A quelques bribes de souvenirs s’ajoutent une carte postale lapidaire, les portraits d’amis écrivains, les confessions des frères de Marie, les traces d’une correspondance, des photos à la Une de Paris-Match… Elle évoque, sans jamais le juger, ce père aux multiples démons, qui privilégiait son travail à sa famille, et pouvait se montrer particulièrement cruel. Sous la plume de la femme mûre, on retrouve les questions, les peurs et les doutes d’une petite fille qui tente de comprendre, de se rapprocher de ce père trop tôt disparu, afin d’apaiser ses propres tourments.

Sur le ton de la confidence, avec beaucoup de sensibilité et de pudeur, Marie Nimier offre un beau témoignage sur l’amour filial.

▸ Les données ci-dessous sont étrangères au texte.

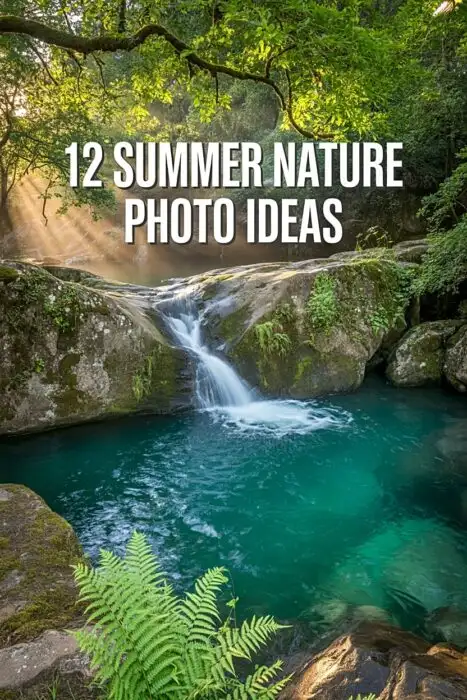 Serene turquoise waterfall for summer nature photography inspiration and outdoor photo ideas.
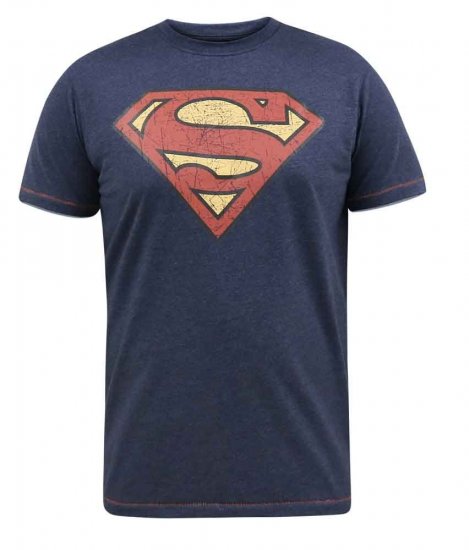 D555 Scampton Official Superman Printed T-Shirt Navy - Koszulki - T-shirty meskie Duże Rozmiary - 2XL-14XL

Gallimard 2004, 170 pages, 14.50€ – PRIX MEDICIS 2004 /

[Roman] Merci – Daniel Pennac

Un artiste reçoit un prix pour l’ensemble de son œuvre. Seul sur scène, il doit sacrifier au traditionnel discours de remerciement.

Merci, oui, mais à qui, pourquoi, comment? Ces questions et l’ambiguïté du terme ( “Etre remercié” ou “à la merci de”…) font naviguer le personnage entre l’humour et la mélancolie. Il s’interroge sur son métier, sur ces gens qui le jugent, fouille ses sentiments, met à jour ses doutes et ses rancœurs. D’une digression à l’autre, il entre dans une sphère plus intime, évoque la solitude, la sincérité de ses amis ou de sa famille, l’impossibilité de remercier en amour.

Merci est un exercice de style déroutant mais plein de charme. Pennac s’amuse avec le cadre convenu et rigide du discours de remerciement, détourne les règles et repousse les limites du genre. Merci est un monologue doux-amer à savourer, une friandise pour les fans de Pennac!